What the exercise asks: Every line from the one with "Modern Floral Happy" through the final line of the entries below should be returned exactly; leave out all other lines.

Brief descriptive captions
=======

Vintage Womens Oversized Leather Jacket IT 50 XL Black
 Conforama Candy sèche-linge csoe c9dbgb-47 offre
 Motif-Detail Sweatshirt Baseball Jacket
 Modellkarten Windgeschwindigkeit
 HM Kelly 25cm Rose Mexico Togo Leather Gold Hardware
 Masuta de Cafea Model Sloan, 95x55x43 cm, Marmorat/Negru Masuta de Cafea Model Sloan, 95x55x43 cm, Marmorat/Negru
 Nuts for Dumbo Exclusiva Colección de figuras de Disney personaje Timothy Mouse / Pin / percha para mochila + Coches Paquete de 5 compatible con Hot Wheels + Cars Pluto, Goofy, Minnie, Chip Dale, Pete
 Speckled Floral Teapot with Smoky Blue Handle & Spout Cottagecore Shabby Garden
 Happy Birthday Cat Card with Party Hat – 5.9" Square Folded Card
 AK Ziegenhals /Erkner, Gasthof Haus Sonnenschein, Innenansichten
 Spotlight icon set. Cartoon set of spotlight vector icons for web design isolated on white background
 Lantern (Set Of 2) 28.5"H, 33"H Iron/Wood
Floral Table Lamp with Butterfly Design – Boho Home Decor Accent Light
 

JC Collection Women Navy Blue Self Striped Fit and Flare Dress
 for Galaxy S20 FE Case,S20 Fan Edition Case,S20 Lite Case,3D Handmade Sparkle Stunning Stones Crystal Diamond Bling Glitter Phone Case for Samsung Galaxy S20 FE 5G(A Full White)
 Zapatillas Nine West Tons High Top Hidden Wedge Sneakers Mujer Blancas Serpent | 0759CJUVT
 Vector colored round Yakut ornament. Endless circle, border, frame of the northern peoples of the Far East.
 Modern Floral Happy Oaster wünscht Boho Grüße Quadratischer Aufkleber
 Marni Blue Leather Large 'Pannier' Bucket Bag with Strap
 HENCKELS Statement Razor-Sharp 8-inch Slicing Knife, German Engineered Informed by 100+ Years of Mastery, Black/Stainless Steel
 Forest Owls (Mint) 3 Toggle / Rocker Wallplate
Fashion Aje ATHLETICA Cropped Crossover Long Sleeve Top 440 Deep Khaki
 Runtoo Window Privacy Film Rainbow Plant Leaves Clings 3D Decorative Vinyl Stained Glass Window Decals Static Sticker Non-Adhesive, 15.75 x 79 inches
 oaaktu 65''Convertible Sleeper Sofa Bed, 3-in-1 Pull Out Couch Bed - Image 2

=======

Reply:
 Modern Floral Happy Oaster wünscht Boho Grüße Quadratischer Aufkleber
 Marni Blue Leather Large 'Pannier' Bucket Bag with Strap
 HENCKELS Statement Razor-Sharp 8-inch Slicing Knife, German Engineered Informed by 100+ Years of Mastery, Black/Stainless Steel
 Forest Owls (Mint) 3 Toggle / Rocker Wallplate
Fashion Aje ATHLETICA Cropped Crossover Long Sleeve Top 440 Deep Khaki
 Runtoo Window Privacy Film Rainbow Plant Leaves Clings 3D Decorative Vinyl Stained Glass Window Decals Static Sticker Non-Adhesive, 15.75 x 79 inches
 oaaktu 65''Convertible Sleeper Sofa Bed, 3-in-1 Pull Out Couch Bed - Image 2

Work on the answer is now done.